[ACTIVITY]: When you transcribe the data below, reproduce every line exactly and leave each picture out.
..........
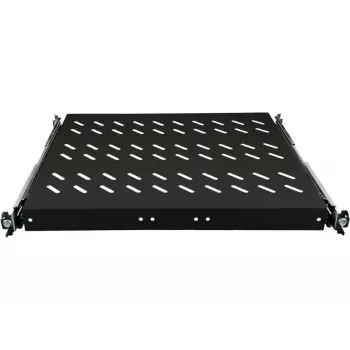 ALANTEC 19 inch 1U Sliding Shelf 570mm Depth, Black, 4-Point Mounting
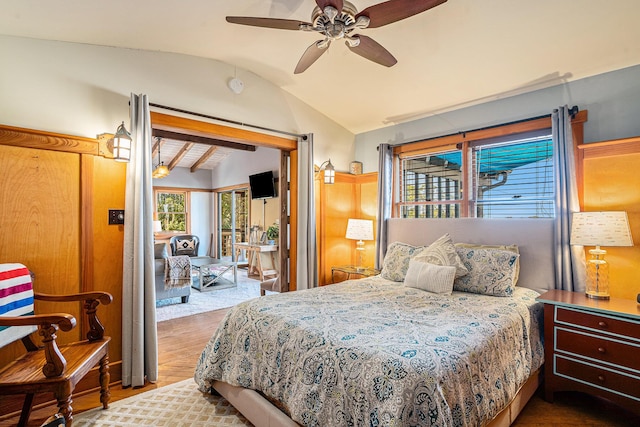 520 E Huron Ave, Folly Beach, SC 29439 - bedroom featuring wood finished floors, access to exterior, and ceiling fan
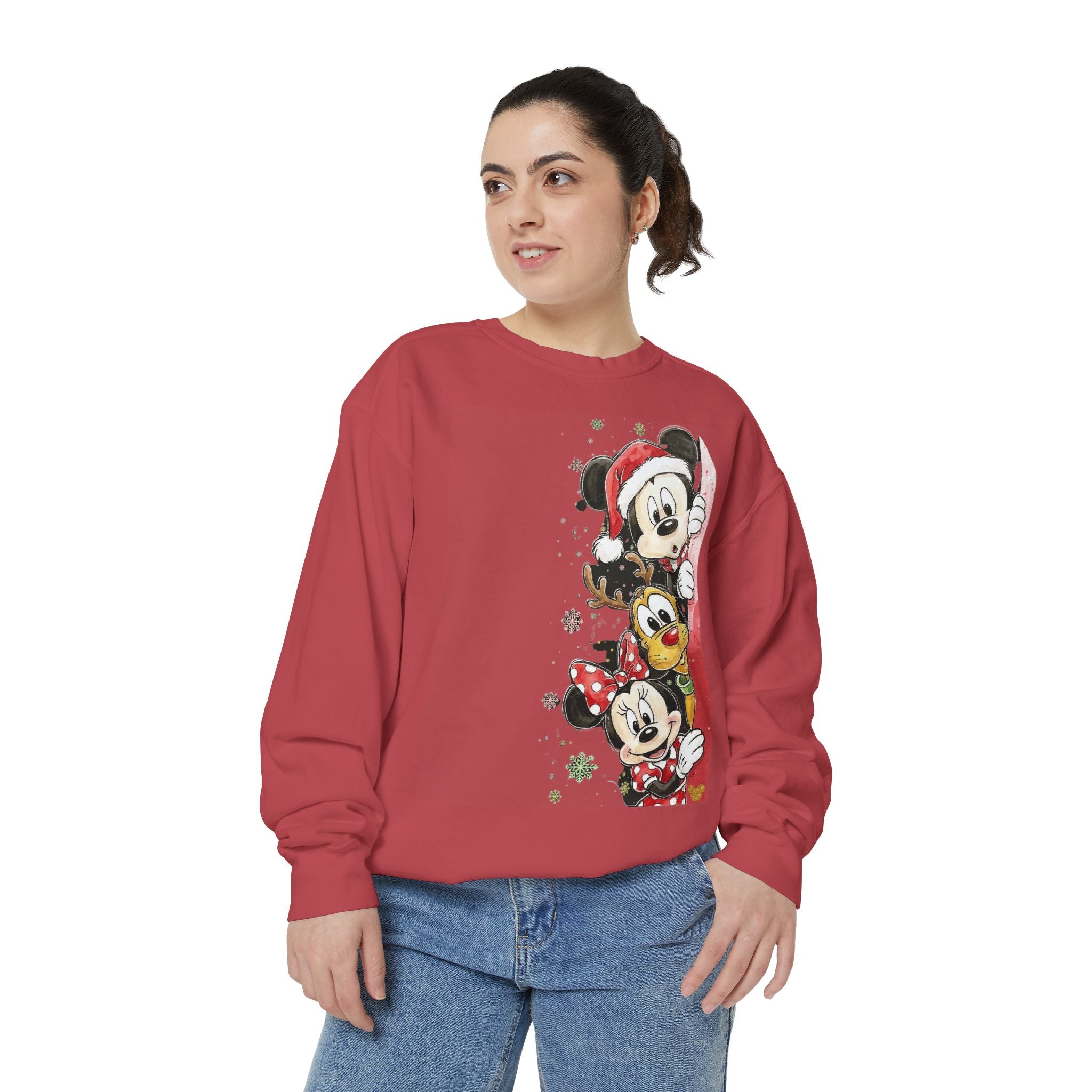 Christmas Disney Characters Sweatshirt  Mickey, Minnie & Pluto Holiday Crew Cartoon Christmas T-shirts and Sweaters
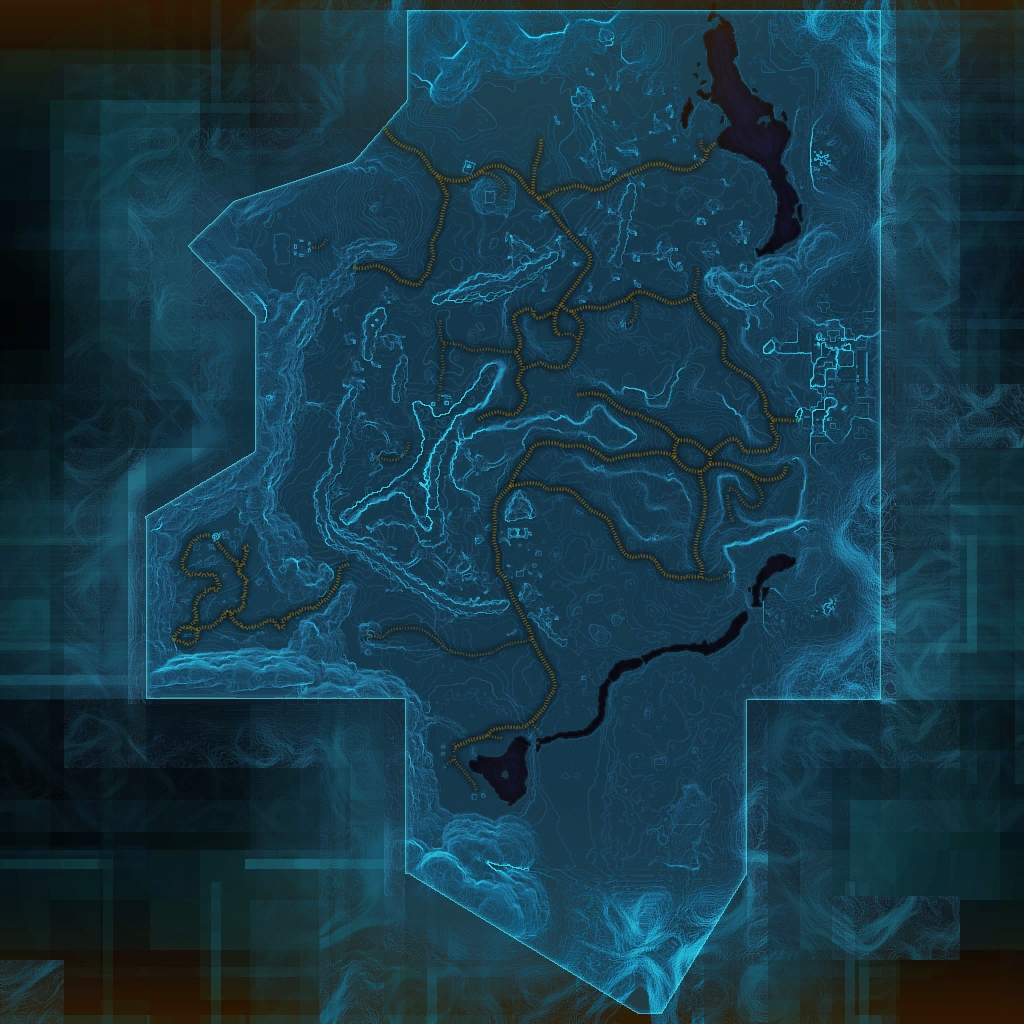 SWTOR Voss Nightmare Lands original blue game region map showing roads, entrances and deep region approaches without fake mission arrows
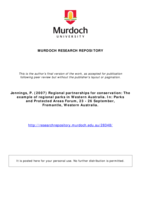 Regional partnerships for conservation: The example of regional parks in Western Australia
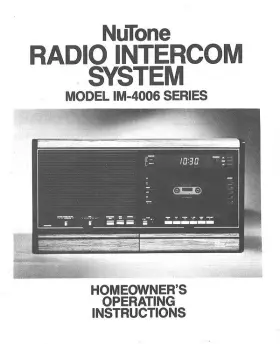 FS-1550 NUTONE Radio Cassette Intercom Service Schematic #3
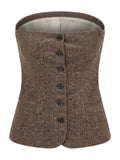 Grace & Mila top bruin strapless in tweed met knoopsluiting voor dames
..........
[TASK SOLUTION]:
 ALANTEC 19 inch 1U Sliding Shelf 570mm Depth, Black, 4-Point Mounting
 520 E Huron Ave, Folly Beach, SC 29439 - bedroom featuring wood finished floors, access to exterior, and ceiling fan
 Christmas Disney Characters Sweatshirt  Mickey, Minnie & Pluto Holiday Crew Cartoon Christmas T-shirts and Sweaters
 SWTOR Voss Nightmare Lands original blue game region map showing roads, entrances and deep region approaches without fake mission arrows
 Regional partnerships for conservation: The example of regional parks in Western Australia
 FS-1550 NUTONE Radio Cassette Intercom Service Schematic #3
 Grace & Mila top bruin strapless in tweed met knoopsluiting voor dames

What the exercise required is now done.